# Economic situation in the Caribbean



## VetMike (Mar 5, 2011)

I am considering cruising in the Caribbean. Leaving aside Haiti, does anyone have any input on the social and economic conditions on the various islands? Has the world wide recession had an effect on safety?


----------



## Faster (Sep 13, 2005)

It's been a year or more since we were last there, but we've cruised the eastern chain from Grenada to St Maarten over the past 6 years prior. Reports are varied but generally we never felt unsafe. The French islands are well supported by France and have good facilities at reasonable prices. Saba is a gem, stable but difficult to land with no real good anchorage.. but worth it if the weather cooperates (for the cab ride alone!)

St Vincent has become a bit of a hotbed (certain areas anyhow) in the drug trade and I believe parts of that island are being avoided. Sporadic reports of some vandalism in Rodney Bay on St Lucia generally kept our hosts from spending much time there, but we stopped at the Grand Pitons regularly.

The Grenadines are amazing, try to avoid the cruise ship stops, and as you head down into Union, Carriacou etc it's all very laid back and there seems little crime.

Antigua and Barbuda seemed fine, lots going on in Antigua and our host are based there in winter.. Barbuda (swell dependant) is a deserted paradise for the most part...

As to whether or not the most recent economic trends have changed things, hopefully someone with more recent experience can chime in (although most who winter there will just be getting ready to return about now)


----------



## kd3pc (Oct 19, 2006)

depends on what you call safety. Growing up in the DC area, all of the islands are quite safe. Aside from the drug smugglers, arrogance of Americans, and the ongoing fiasco(s) in Aruba...you should be fine...that was my experience last winter through March this year..

does not mean you leave things unlocked and valuables (what we take for granted can be quite valuable) out in the open, nor flash and shock, or ask around for drugs...

For the most part they are driven by tourist dollars, and will bend over backwards to help that along. 

You may want to check a few island sites and the state dept, or island embassies for specific...


----------



## orthomartin (Oct 21, 2006)

*caribbean*

Faster is right on the money. We made landfall last Nov after crossing from Las palmas Grand Canaria at Rodney Bay St. Lucia. It was great there and we will return this summer but the drug war is real. 
We spent a year in the Caribbean before heading to the Med., (2008-9). Between then and now there have been about 4 or 5 violent attacks on boats or crew. One in St. Maarten, two in Antigua, one in Tabago, one St. Vincent. Adjusted for number of cruising boats and island populations the incidence of attack in very low.

The economics mirror the US for the most part. What you spend varies widely on where in the chain you spend most your time. The Leewards cost more than the windwards, but there are more facilities. Most expensive, are BVI, St. Maarten, St. Barts, Nevis, and Antigua. I would say cost for normal things such as provisions and shore activities are about 15-20% more then say Miami.

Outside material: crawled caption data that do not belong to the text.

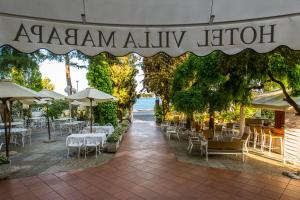 Un restaurante con mesas, sillas y sombrillas. en Hotel Villa Mabapa, en Lido de Venecia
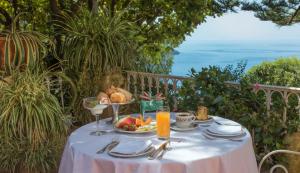 a table with a plate of food and a bowl of fruit at Romantic Hotel & Restaurant Villa Cheta Elite in Maratea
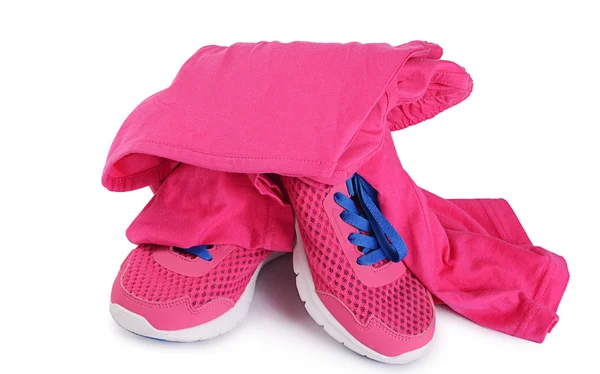 Αθλητικές φόρμες ροζ χρώμα που απομονώνονται σε λευκό — Φωτογραφία Αρχείου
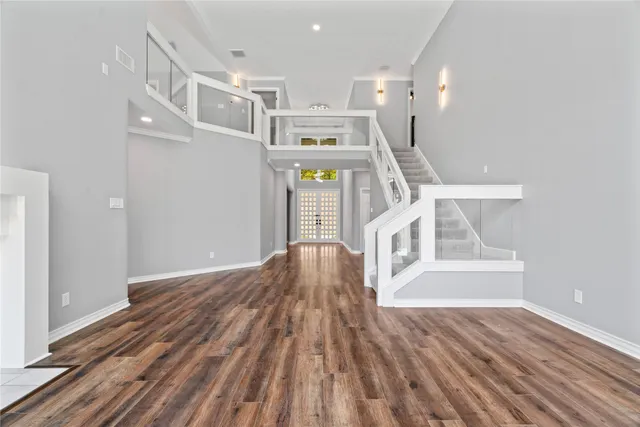 a view of entryway and hall with wooden floor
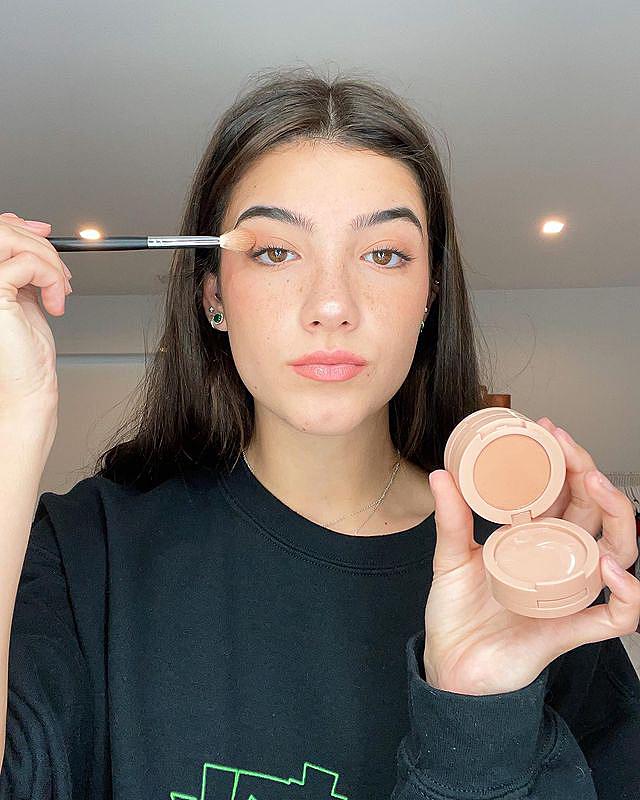 Charli damelio applying makeup around eyes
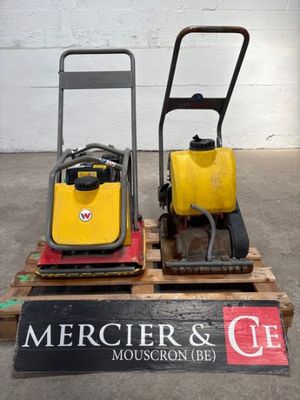 two yellow and black machines on a pallet in a warehouse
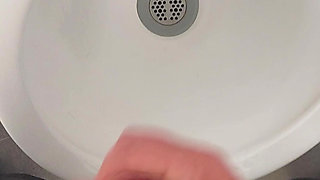 Moaning daddy has a lot of pressure and milks his cock in the public toilet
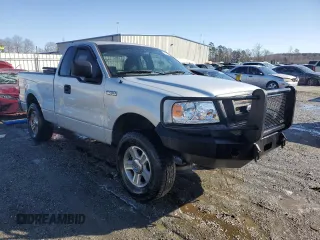 2005 Ford F-150 XL with VIN 1FTRF14535NB98598, listed as a Copart auction lot 88928675 with 214,304 mi miles and Salvage Title. Bid and sale history available at carsss.com. Image 4.
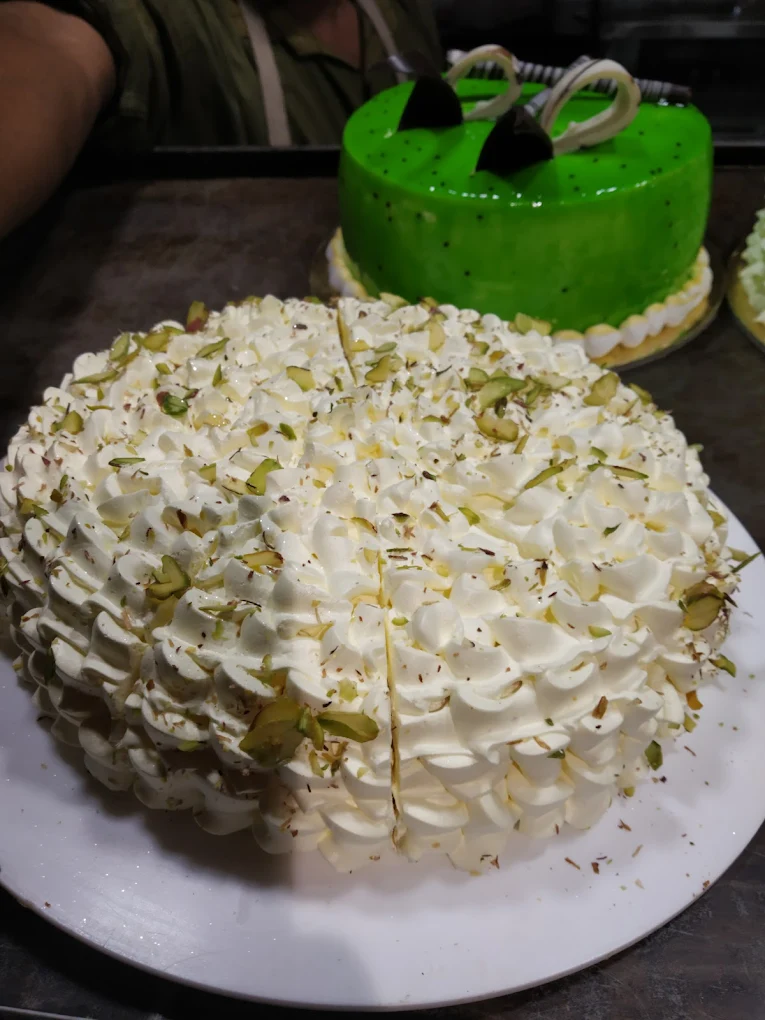 Pistachio cream cake with green kiwi cake in background
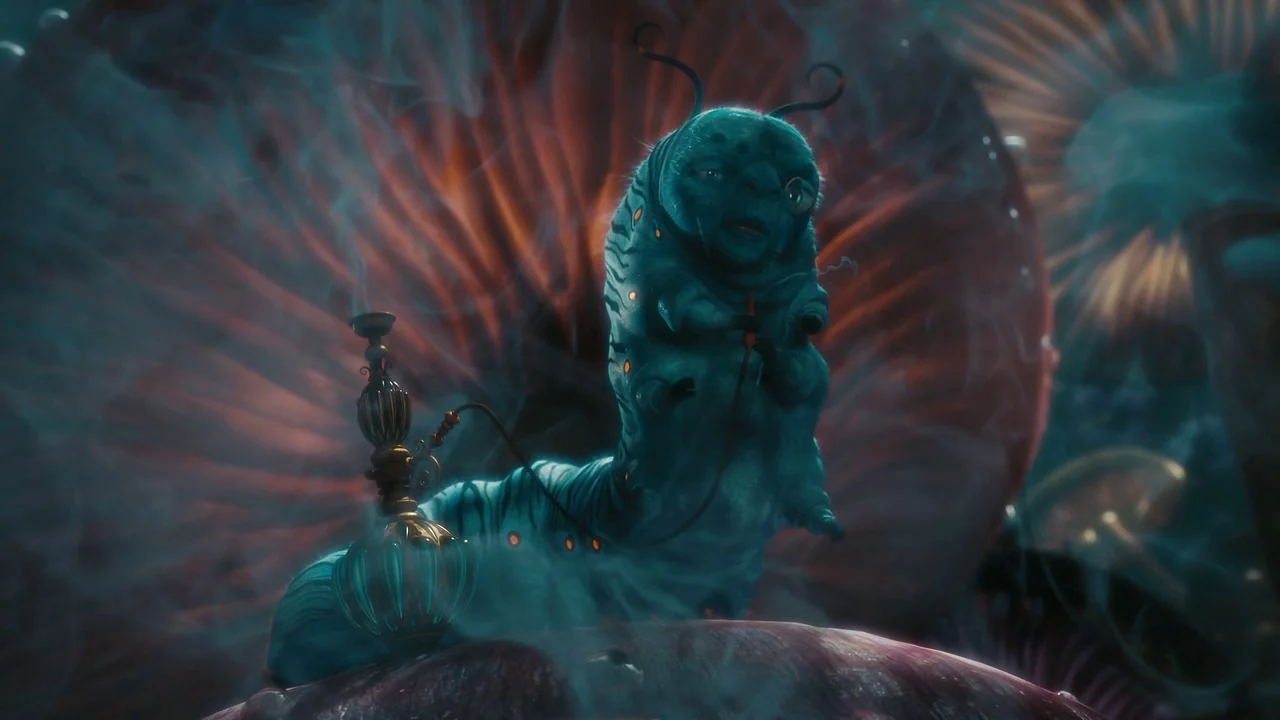 Alice in Wonderland (2010) movie still: medium — A giant blue caterpillar sits atop a massive red-gilled mushroom in a dark environment. The…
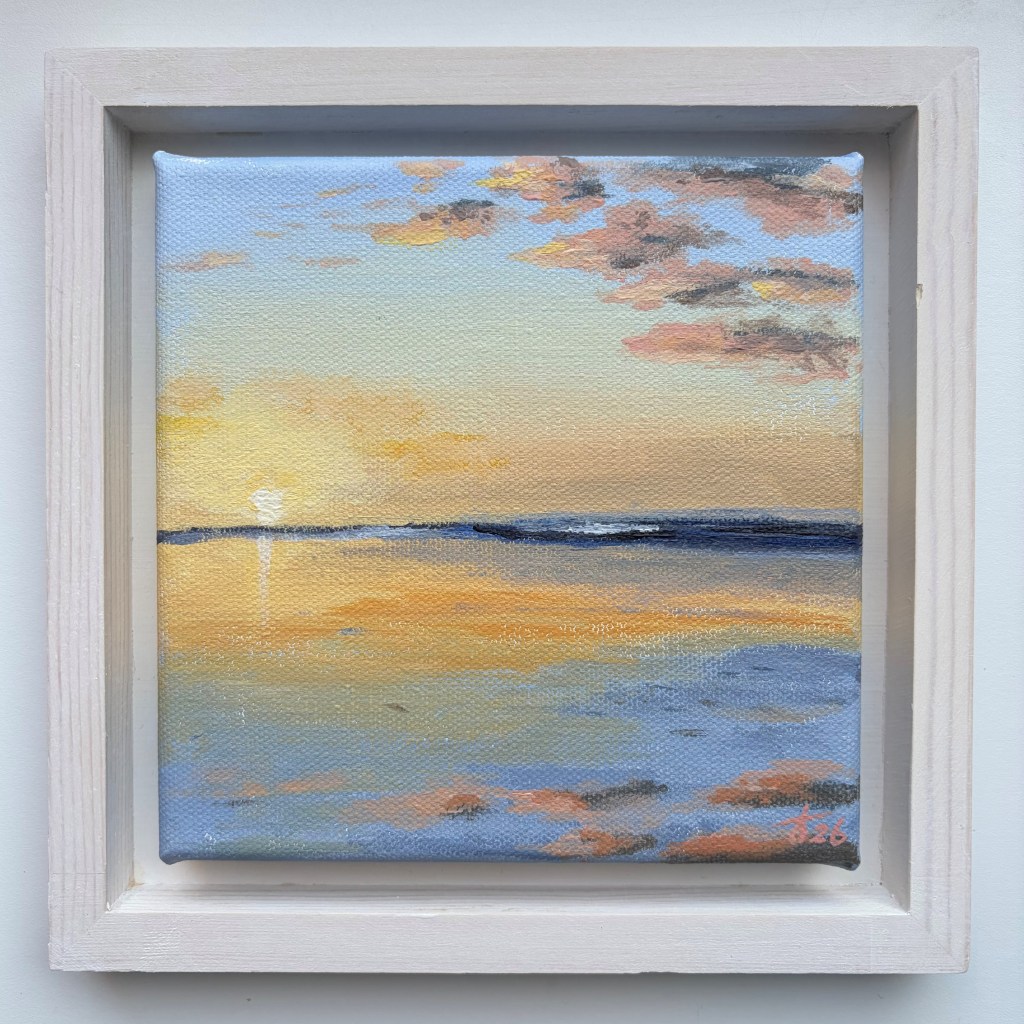 Miniature acrylic painting of a golden sunset over calm water, with blue, peach and grey clouds reflected in the surface, in a white wooden floating frame.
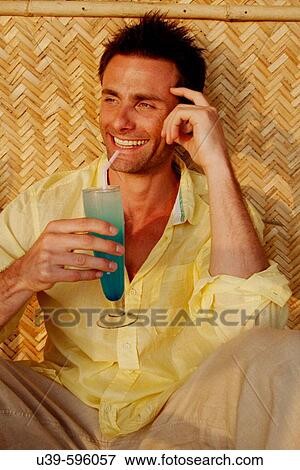 Good-looking man in a yellow shirt drinking a blue cocktail and laughing, shot in India. View Large Photo Image Stock Photo - Good-looking man in a yellow shirt drinking a blue cocktail and laughing, shot in India.. Fotosearch
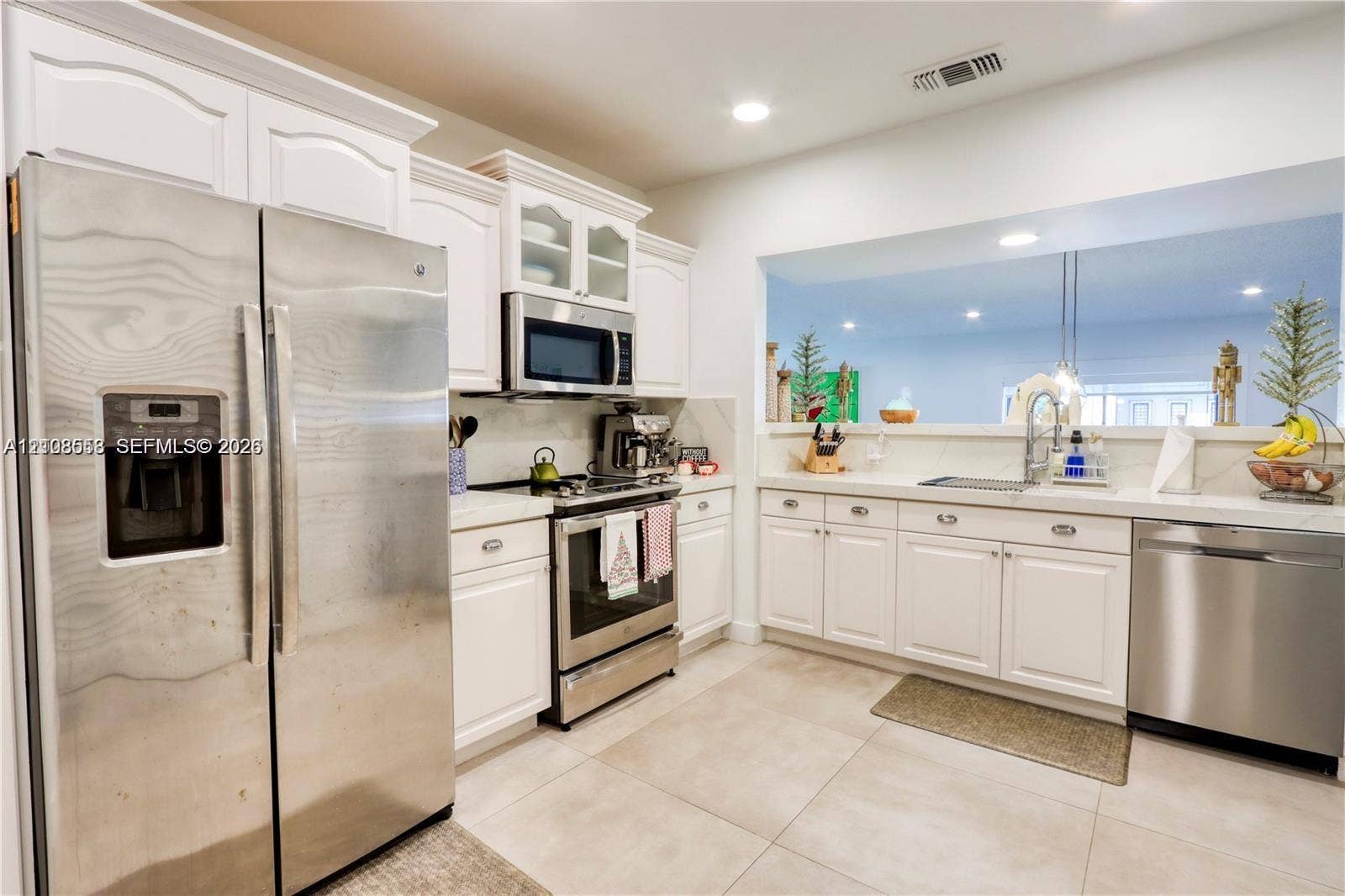 10478 SW 75th Lane, #10478, Miami, Miami, FL 33173 Kitchen featuring white cabinetry, stainless steel appliances, neutral stone-finish countertops, and large-format tile flooring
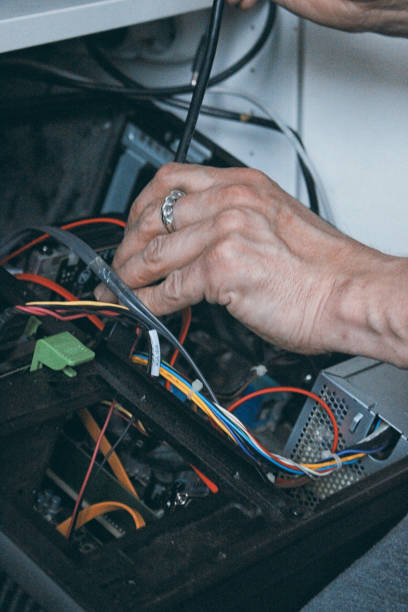 istock hands of a young man dismantling a computer into parts 2177974650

The range of costs from cruiser to cruiser is great. Our costs including repairs, maintenance, insurance (health and boat), food,entertainment, and misc. has averaged $5,000/mo. Now mind you we have been in the Med. for two years and it is much more expensive there. We have cruising friends on a smaller simpler boat that average (all things) about $1,000/mo in the Caribbean.


----------



## night0wl (Mar 20, 2006)

My wife is from the islands (Trinidad)...and despite the rosy picture portrayed above, we have *DEFINITELY* seen a decline in safety and overall increase in lawessness in the islands we've visited. The youth that grew up idolizing the fast money culture has come of age and with few avenues to obtain it has resorted to graft. Nearly every island is battling drugs and the gang crime that comes with it. In fact, Trinidad is under a near nationwide curfew right now. Seems like its going to get worse before it gets better as the tourist trade is still pretty off this season with Europe going through their financial crisis now...its keeping many folks from Europe away which is a lot of the Caribbean tourist season.


----------



## orthomartin (Oct 21, 2006)

*caribbean*

The number of boats in the E. Caribbean has not decreased in any real way. Boats to Trinidad have however decreased significantly because, well, it's Trinidad. 2010 over 2,500 boats departed Canary Islands for Caribbean, similar to 2009
I agree there has been (and is) a steady decline in youth behavior. Have no workable answer for that. But as of 2011 cruising in the Caribbean is still as safe as most destinations on the Atlantic side with the odds of a violent encounter on your boat about 1 in 1000. Take steps to include some security and that number improves dramatically as most are attacks of opportunity.
Very safe areas are far Bahamas, south coast Puerto Rico, Spanish-US-and British Virgins (city of St Thomas can be dangerous at night in some areas but anchorage has been safe). Do not let fear stop you from cruising If it does you should probably stop driving your car
Come join the fun!


----------



## canadianseamonkey (Sep 4, 2006)

Status quo in the Domincan Republic. I'd rather be here than in North American in these economic times. A 3rd world country doesn't seem to feel the effects as much cause they already live with less. Sail away, don't worry about it. Just keep your wits up like you would anywhere else.


----------



## casey1999 (Oct 18, 2010)

night0wl said:


> My wife is from the islands (Trinidad)...and despite the rosy picture portrayed above, we have *DEFINITELY* seen a decline in safety and overall increase in lawessness in the islands we've visited. The youth that grew up idolizing the fast money culture has come of age and with few avenues to obtain it has resorted to graft. Nearly every island is battling drugs and the gang crime that comes with it. In fact, Trinidad is under a near nationwide curfew right now. Seems like its going to get worse before it gets better as the tourist trade is still pretty off this season with Europe going through their financial crisis now...its keeping many folks from Europe away which is a lot of the Caribbean tourist season.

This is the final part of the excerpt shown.